Geronimo and Route 60

By Evelyn K. Lee © 1992

Issue: January, 1992

I made a strange connection the last time I went back to the town where I grew up. I went for a drive on what looked like an old country road and had a vague memory of its leading somewhere important. I passed a sign saying Route 60 and recalled being told as a child that Route 60 was one of the important things about our town.

My father used to say, "Route 60 goes all the way from the Atlantic Ocean to the Pacific Ocean. Just think - we are on a main route across the whole country." And then to impress me even more, he'd add, "And there's Route 11. It goes all the way from Maine to Florida." He made our town sound really important, like everything centered right there and we were the crossroads of the nation and connected everywhere.

Over the years I forgot about Route 60. My father would talk about how the town was keeping its place of importance even though Route 11, North and South, was supplanted by Interstate 81 and Route 60, East and West, was deposed by Interstate 64.

"Both the new interstates meet right here in Lexington, Virginia," he pointed out proudly, on one of my visits. "In some places the politicians managed to move the new routes to different towns, but here they kept them like they should be." He glowed as if Providence understood.

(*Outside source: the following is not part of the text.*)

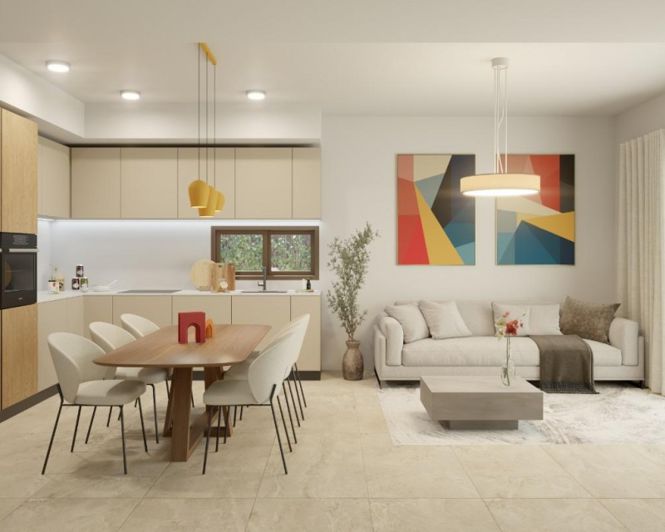 Image No.5-3 Bed Villa for sale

Now, seeing the Route 60 sign on this old two lane road, I realized I was on what used to be the important coast to coast highway. Up ahead was that mountain which once seemed to block out the rest of the world and keep us in our part of the globe. What was it called? It was North Mountain. Why was it North Mountain when it was what you had to cross to get from Virginia to West Virginia and the Far West? You could even get so far west that there were Indians, my father used to say.

And I remembered his yelling, "Geronimo!" when he would play hide-and-seek with me. I always wondered why he did that until I went to a museum in Arizona and found out that the Indian Chief, Geronimo, was a terror when my father was a little boy. That must have been the scary news and the scary game of his childhood. Had some of the boys pretended to be Geronimo? Who got to be the enemy and who was the hero?

Looking at North Mountain, looming ahead of me, I remembered being surprised last Summer when I drove into Globe, Arizona on my way to a San Carlos Apache Indian powwow and realized I was on the same Route 60 that went thought Lexington. Did the folks in Globe think they were the center of the world because of Route 60?

I had gone into a diner, sat down for some coffee and was thinking about the road when an Apache family came in off of Route 60 and slid into the booth in front of me - two parents, a toddler and a grandmother.

Could the grandmother be my age, I wondered. She was wearing a long, flowered gingham dress with rickrack decorating various edges of it. She looked as if she belonged in the Geronimo pictures I saw in the museum, but she was using a bag of Fritos to play peek-a-boo with her grandchild, who kept jumping up and down on her dress in his sneakers every time the boo came. Had the old woman's father played with her as a child? What kind of words had he yelled out to scare her? I watched her lean over and speak to her daughter. I listened. She wasn't speaking English.

I couldn't understand her, and I couldn't answer my questions, but back on Route 60 in Lexington, Virginia, looking at North Mountain with my father's shout of "Geronimo!" echoing in my head, I thought about the diner in Globe, Arizona and I knew the only thing I needed to know was that we are all connected.